# I may sounds stupid in asking...



## dry (Oct 21, 2002)

but is there anyway to reinforce lug nuts... mine dont seem to like to stay tight, I have to tighten them around once a week just to make sure my wheels dont fall off and its getting annoying, I probably already bent the dame wheels already, and I tighten them pretty fucking hard... any suggestions?


----------



## PatScottAKA99XE (Apr 30, 2002)

What are you using to tighten them? If you tighten them to about 80ftlbs you should be fine. Mine have never come loose.


----------



## Angel Carrier (Sep 29, 2003)

i had that problem before. i realize my lugs were loose on the hub, casing movement and lug nuts were coming loose.
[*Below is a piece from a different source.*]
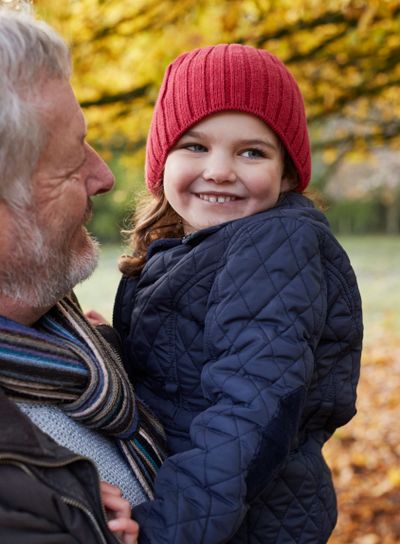 Grandfather Cuddling Granddaughter On Autumn Walk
i replaced my lugs (threads on there grabbing onto the hub were bad) and solved the problem.


----------



## Dwntyme (Dec 18, 2002)

are you running steelies ?
If so when they came loose the first time they may have wallerd
out the wholes where the lugs make contact with the rim. if this is the case you'll have to replace the rims...


----------



## dry (Oct 21, 2002)

im running 17's... I am tightening them to what I think is pretty frickin hard, I dont have any air guns, but I do have a wratchet and a 4 foot pole...


----------



## Dwntyme (Dec 18, 2002)

as I said it maybe the about mentoined, also you may have the wroung lugs for the style of wheels(aftermarket)with stock lugs
maybe...


----------



## 200SushiX (Jul 12, 2002)

Yeah, you need longer lugnuts, IMO. This happened to me when
I used the stock lugnuts with my aftermarket wheels. Screwed
up the studs, too  .


----------



## azkicker0027 (May 31, 2002)

some slight vibration can also cause this, check the wheels for balance and bends.


----------